A veteran member of the European Central Bank’s rate-setting council believes it has only just passed the halfway point of its tightening cycle and needs to be “in there for the long game” to tame high inflation, Report informs referring to Financial Times.
After more than a decade of aggressive easing, 2022 was the year when many leading central banks began to raise rates in response to soaring prices. The ECB increased borrowing costs by 2.5 percentage points, capping the year with its fourth rise in a row to leave its benchmark deposit rate at 2 percent.
Klaas Knot, head of the Dutch central bank and one of the governing council’s more hawkish rate-setters, told the Financial Times that, with five policy meetings between now and July 2023, the ECB would achieve “quite a decent pace of tightening” through half percentage point rises in the months ahead before borrowing costs eventually peaked by the summer.
In the eurozone, consumer price inflation hit a record high of 10.6 percent in the year to October - more than five times the ECB’s 2 percent target.
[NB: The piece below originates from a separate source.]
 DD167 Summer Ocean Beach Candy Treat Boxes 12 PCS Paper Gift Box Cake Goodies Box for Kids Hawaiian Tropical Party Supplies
In the Netherlands, inflation has been higher still, peaking at 17.1 percent in September.
However, growth in the bloc is grinding to a halt, leaving central bankers facing a delicate balancing act between fighting inflation and exacerbating the slowdown.
“The risk of us doing too little is still the bigger risk,” Knot said. “We are just at the beginning of the second half.” Deciding when it had tightened policy enough would be the “main challenge” for the ECB next year.